- [Exercise goal]:
Look through the data below and output, unchanged, every line from the one holding "Audio Journal of" through the one holding "马鞍山邯郸助孕机构盘点:警惕低价陷阱,安全助孕指南 马鞍", inclusive. Skip the pictures.

Record set Block Start

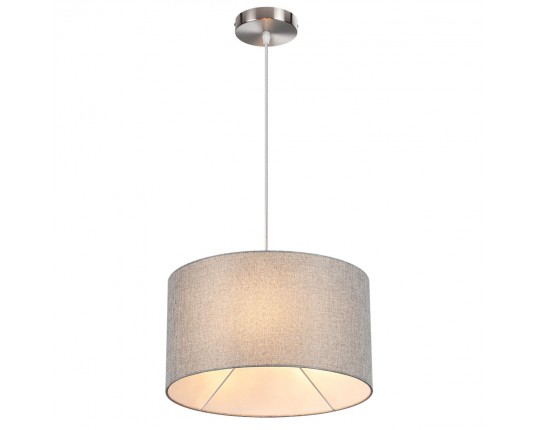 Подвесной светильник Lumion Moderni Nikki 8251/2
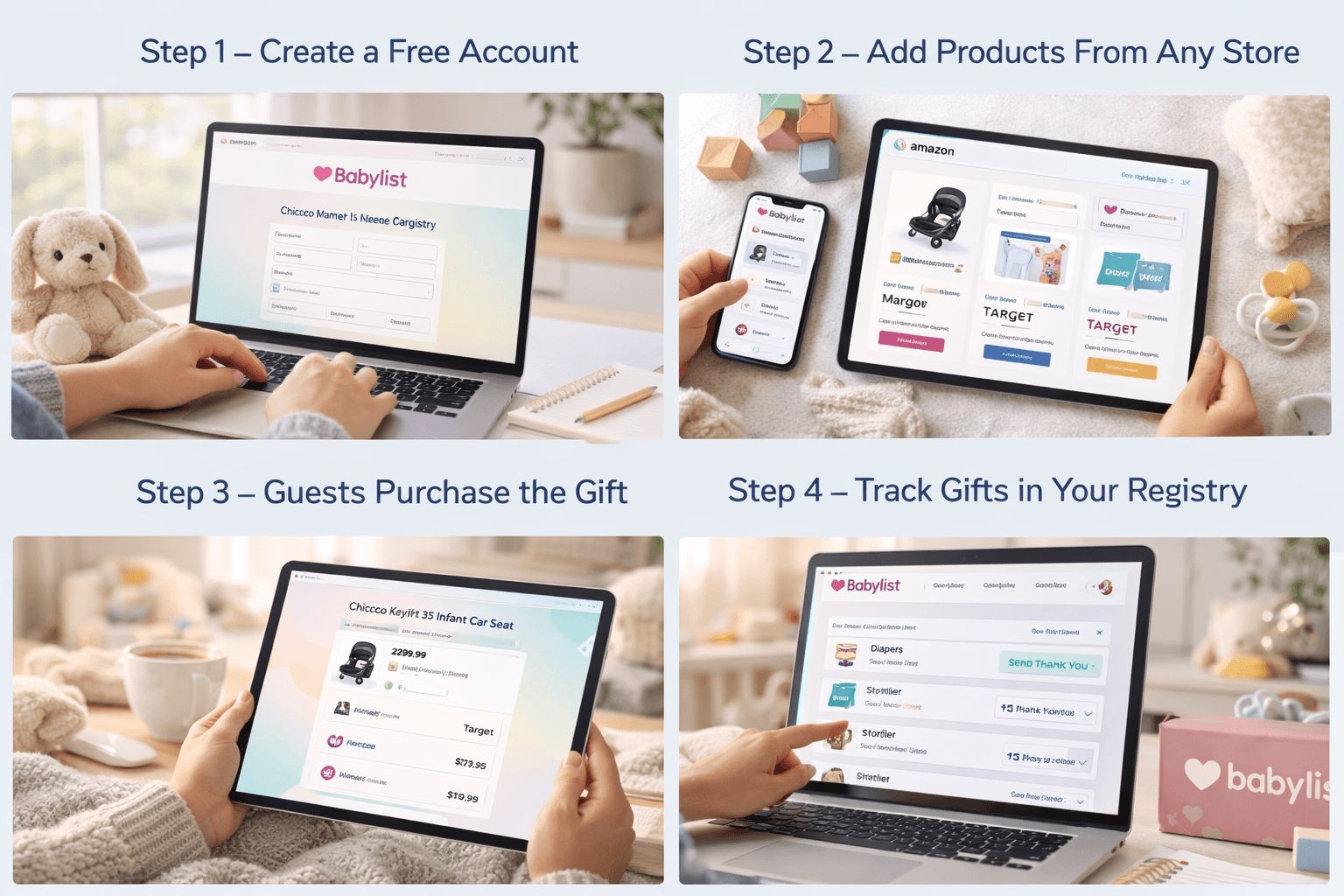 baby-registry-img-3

Record set Block End
Record set Block Start

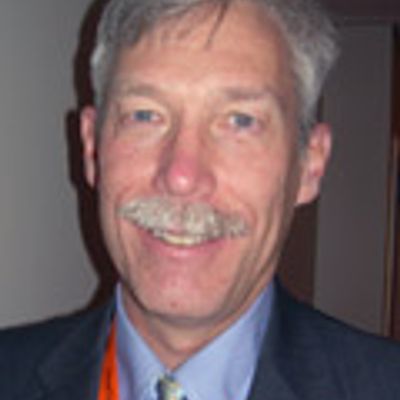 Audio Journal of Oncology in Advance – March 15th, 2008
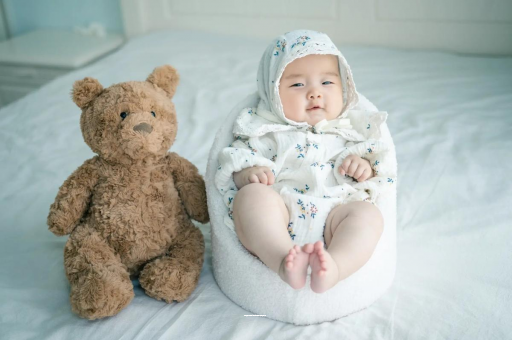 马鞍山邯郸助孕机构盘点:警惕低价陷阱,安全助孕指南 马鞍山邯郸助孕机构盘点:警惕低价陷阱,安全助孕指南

Record set Block End
Record set Block Start

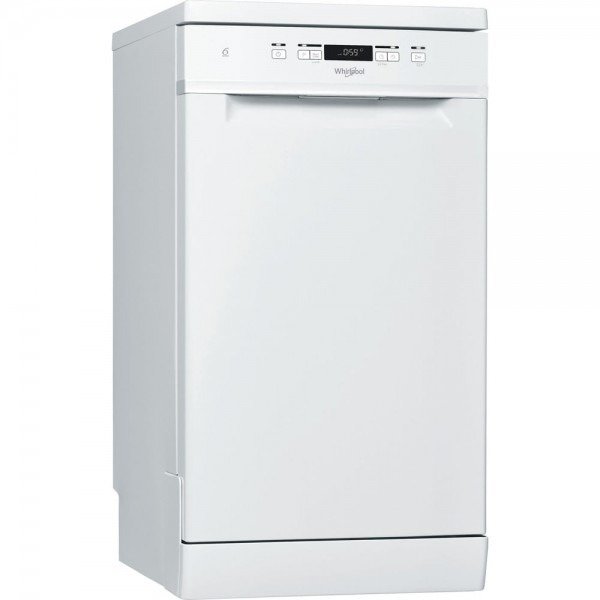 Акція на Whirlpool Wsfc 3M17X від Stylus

Record set Block End

- [Exercise solution]:
 Audio Journal of Oncology in Advance – March 15th, 2008
 马鞍山邯郸助孕机构盘点:警惕低价陷阱,安全助孕指南 马鞍山邯郸助孕机构盘点:警惕低价陷阱,安全助孕指南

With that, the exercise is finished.